Mirror Backwards
When it comes to weird performance problems, I’ve seen this cause all sorts of them. The worst part is that there are much smarter ways to handle this.
While Table Valued Parameters aren’t perfect, I’d argue that they’re far more perfect than the alternative.
The first issue I see is that these clauses aren’t ever parameterized, which brings us to a couple familiar issues: plan cache bloat and purge, and constant query compilation.
Even when they are parameterized, some bad stuff can happen.
Since We’re Here
Let’s say you take steps like in the linked post about above to parameterize those IN clauses, though. Does that fix all your performance problems?

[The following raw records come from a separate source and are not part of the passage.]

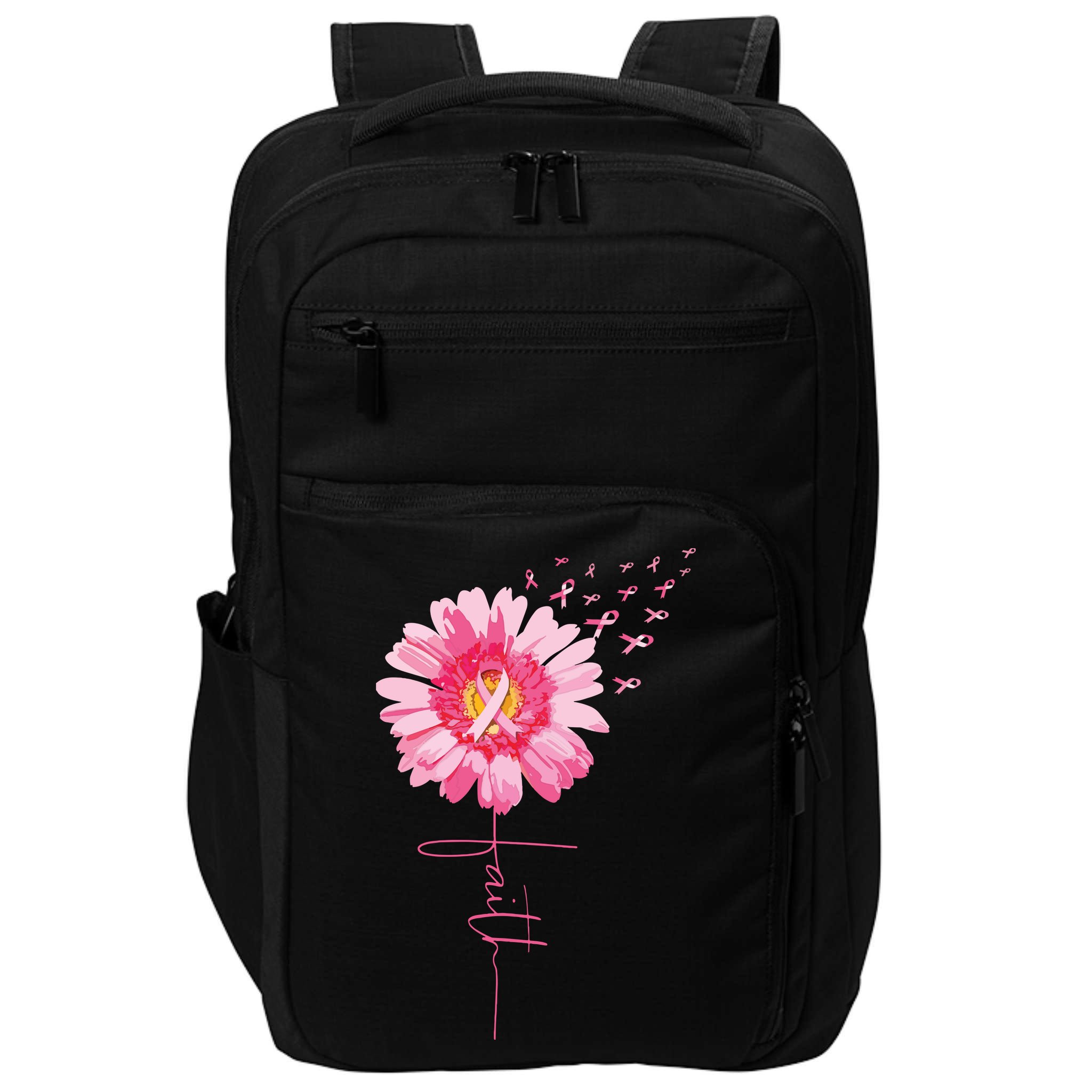 Pink Ribbon Daisy Faith Breast Cancer Awareness Month Gift Impact Tech Backpack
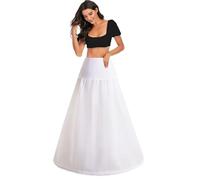 Women's Petticoat Underskirt Crinoline A-Line 1 Hoop Underskirt Wedding Crinoline Skirt Half Slips Shaping Floor Length Petticoat for Prom Dress Ball Gown Wedding Bridal Dress(White,12)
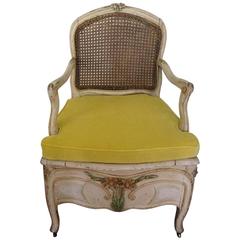 Antique Louis XV Style Painted Commode Chair or Bergere, French, circa 1800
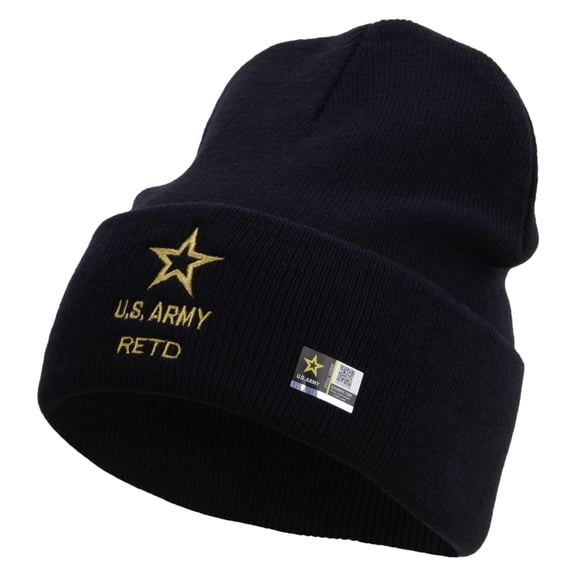 Star US Army Retired Military Embroidered 12 Inch Long Knitted Beanie - Navy OSFM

You can probably guess. Hey look, index!
CREATE INDEX u ON dbo.Users(DisplayName, Reputation) WITH(SORT_IN_TEMPDB = ON, DATA_COMPRESSION = PAGE);
Now, we’re gonna use a stored procedure I wrote to generate a long parameterized in clause. It’s not pretty, and there’s really no reason to do something like this outside of a demo to show what a bad idea it is.
Here’s how we’re gonna execute it:
EXEC dbo.Longingly @loops = 50, @debug = 0; EXEC dbo.Longingly @loops = 100, @debug = 0; EXEC dbo.Longingly @loops = 1000, @debug = 0;
If anyone thinks people sending 1000-long lists to an IN clause isn’t realistic, you should really get into consulting. There’s some stuff out there.
And Wave
Here’s what the query plans for those executions look like:
The important detail here is that even with our super duper powered index, the optimizer decides that life would be too difficult to apply our “complicated” predicate. We end up with query plans that scan the index, and then apply the predicate in a Filter operator afterwards.
You’re not misreading, either. The 1000-value filter runs for roughly 7 seconds. Recompile hints do not work here, and, of course, that’d undo all your hard work to parameterize these queries.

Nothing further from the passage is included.